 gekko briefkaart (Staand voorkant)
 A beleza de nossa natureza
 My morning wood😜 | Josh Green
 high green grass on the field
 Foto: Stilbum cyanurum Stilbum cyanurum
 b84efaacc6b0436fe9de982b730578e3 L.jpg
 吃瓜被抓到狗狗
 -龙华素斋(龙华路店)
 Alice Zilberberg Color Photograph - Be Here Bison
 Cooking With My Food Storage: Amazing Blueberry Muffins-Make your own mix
* * *
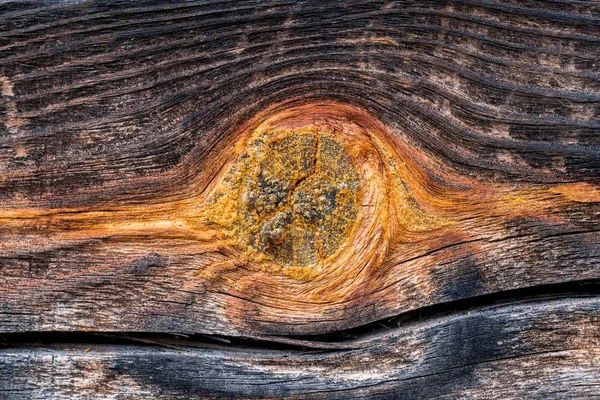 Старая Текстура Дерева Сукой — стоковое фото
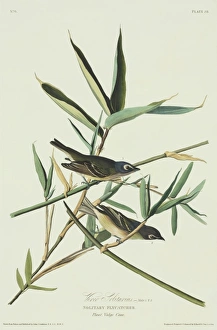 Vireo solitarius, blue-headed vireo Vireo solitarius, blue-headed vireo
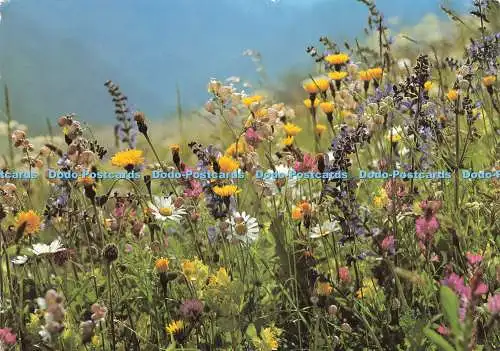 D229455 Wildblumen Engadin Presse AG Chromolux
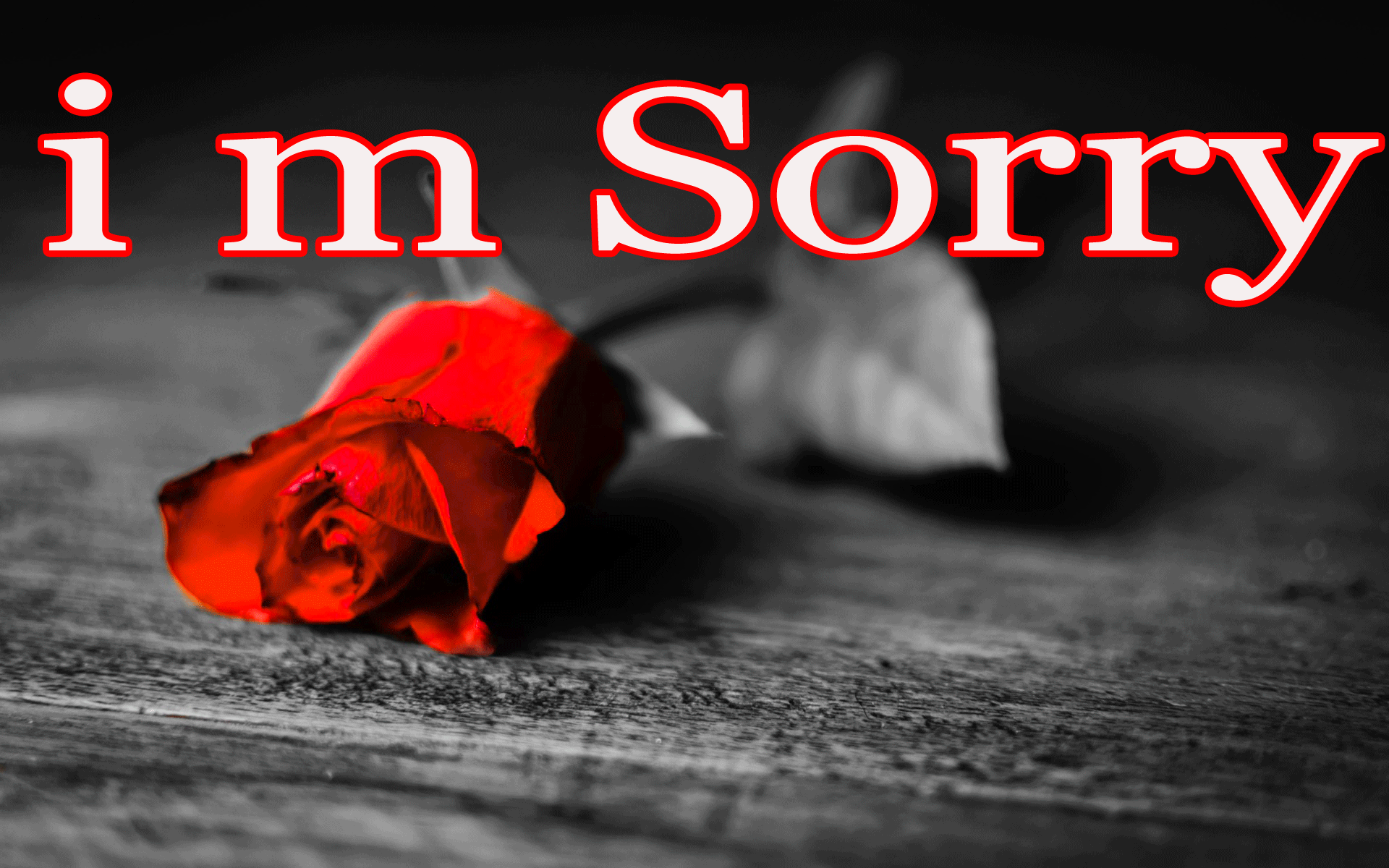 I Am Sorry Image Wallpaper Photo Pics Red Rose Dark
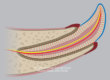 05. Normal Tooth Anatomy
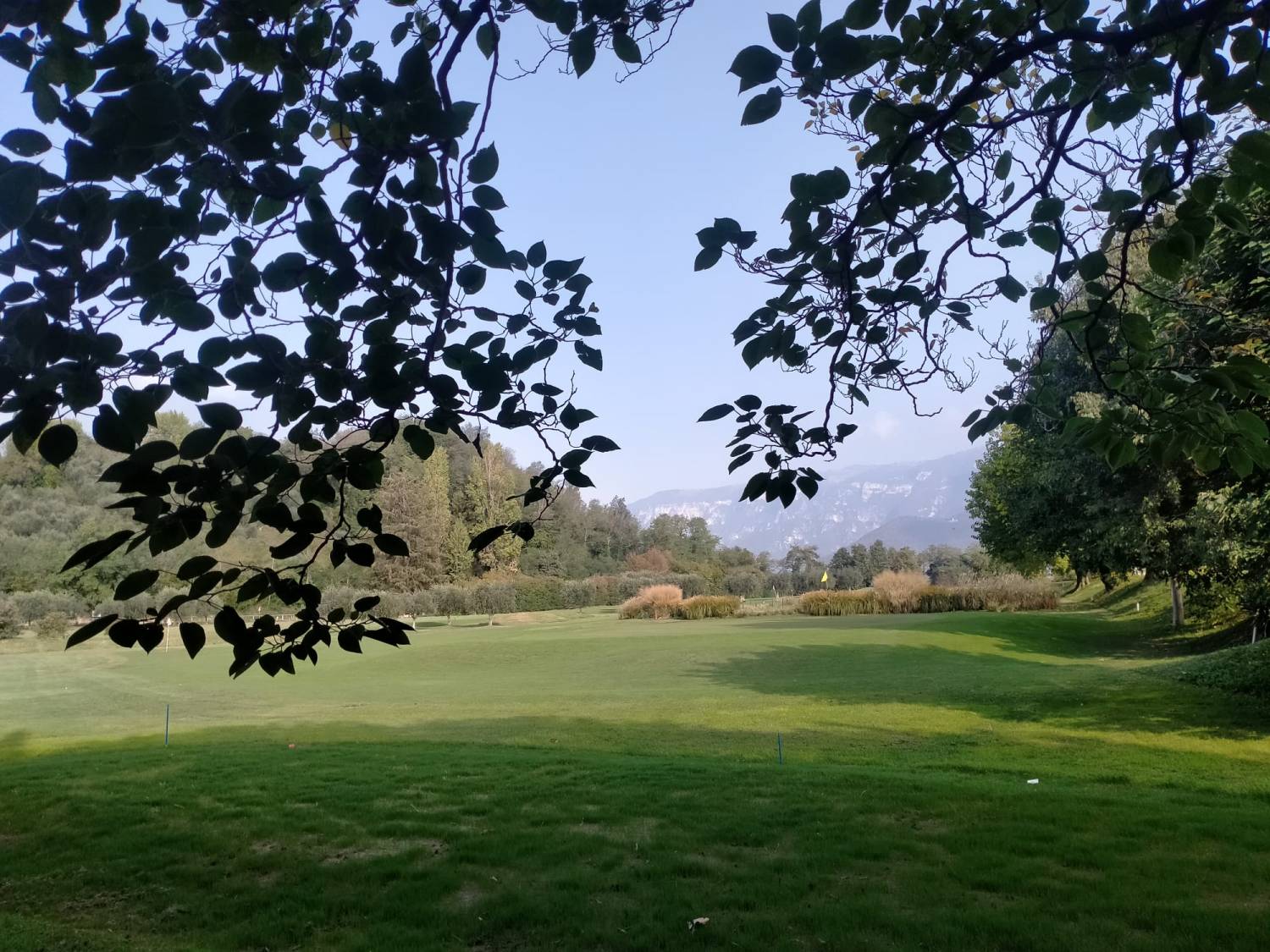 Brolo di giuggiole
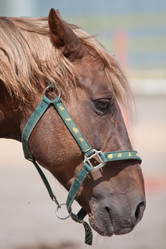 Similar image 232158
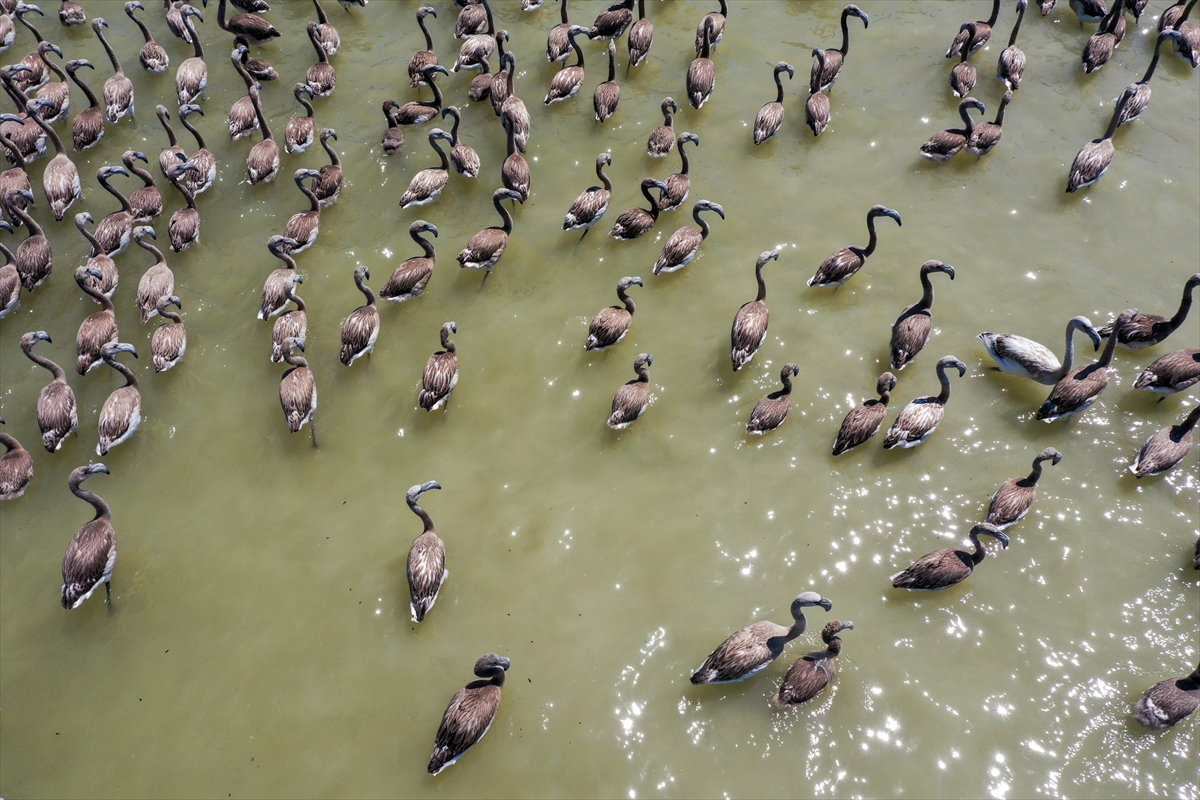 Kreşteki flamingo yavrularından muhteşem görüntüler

**WHAT YOU SHOULD DO**: Look back at the data above, then output exactly the lines from the line holding "05. Normal Tooth Anatomy" up to and including the line holding "Kreşteki flamingo yavrularından". Leave out the pictures.

**ANSWER BELOW**:
 05. Normal Tooth Anatomy
 Brolo di giuggiole
 Similar image 232158
 Kreşteki flamingo yavrularından muhteşem görüntüler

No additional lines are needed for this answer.